The trouble with buying a place
Lately, Finnur and I have been looking at houses/townhouses/row-houses to buy. To do so, we’ve been watching fasteignir.is, which is the main real-estate website, and lamenting how very primitive it is.
For example: They do not offer a map-view of all the properties for sale (check out redfin.com and zillow.com for a good example, we used to live in zip: 94043), nor do they actually list the number of the property, only the street-name. I guess this is for ‘privacy’, but then anybody at all can ‘send in a request’ and get emailed a ‘sales-sheet’ which lists ALL the information. I would argue that all this stuff should be on the website. It sure would save me a lot of trouble!
Also, there is no way to look up what other properties in the same neighborhood have recently sold for. And we’ve been told that the asking prices are in some cases totally insane, but gauging just how insane is hard. This is partly because many of the larger real estate deals these days are ‘swaps’, because financing is hard to come by, and during a ‘swap’ it is beneficial for all parties to significantly inflate the prices of both properties.
Anyway, leaving aside the map-handicap, and the price-handicap, Finnur and I have now looked at enough properties to get a small sense of another problem we face.

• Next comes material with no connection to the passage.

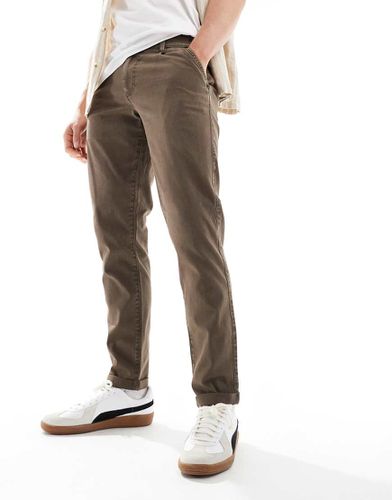 Pantalon chino slim - délavé - Asos Design - Modalova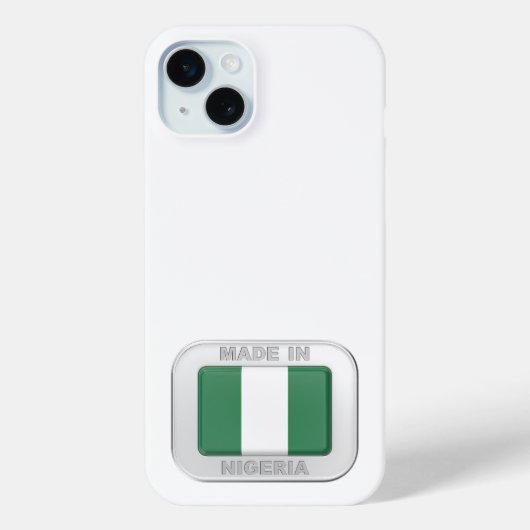 Made in Nigeria Case-Mate iPhone Case (Achterkant)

Ourselves. As in: We’re lazy, so we’d like to buy something that doesn’t need a lot of work. The big question is: How much work is too much work?!
For example, if a kitchen is in pretty good shape, but the doors are ugly, and we’d like to get new ones, is that ok? What about replacing an old kitchen, particularly if the layout of the place is perfect, just old? How crazy is putting in a new kitchen? And just how expensive?!
Bathrooms are another headache. We looked at a place where the main bathroom looked really nice, and was probably only slightly over 5 years old. The problem was that the owner was a ‘bath’ person, so the bath was under the large window, while the shower was tiny, smelly, cramped, dark, still wet from usage from floor to ceiling, and in an inside corner – aka utterly unusable.
In that case, the rest of the house was pretty ok, so the bathroom would be the only thing to go, but is it defensible to rip out a perfectly functioning bathroom just because one would like the shower in a different spot?
Making things ever worse, in my mind anyway, is the fact that I know that I have really really crappy ‘taste’. Well, let’s put it this way: I like things to be rainbow-colored. Like our plates for example. I think they’re very pretty plates, and just the sight of them makes me happy. Happy colors = Happy Hrefna. The trouble is that rainbow colors translate very poorly into room design, which these days is all monochromatic, dull and duller.
Which is all a long winded way of saying that I don’t trust myself to ‘design’ or even just ‘decide’ on designs of others. Well, that’s not true. I know I would make decisions (I’m good at doing that), but I fear that in the grand scheme of things, they would add up to crazy cacophony.
Now, perhaps I’m wrong, but I’m starting to suspect that this may be a renter’s affliction. As in, we’ve always rented, and therefore have never really had any say what so ever in the look of our housing, just the furnishings. (The only exception was our first five years living together, where we were free to paint the walls, and did so with really quite atrocious results in some cases. Perhaps I’m still damaged from that!)
So yes, finding the ‘perfect’ place will be neigh impossible I fear. And boy oh boy will the two of us have to brush up on our communication skills if we’re ever going to get through this without grievous injury!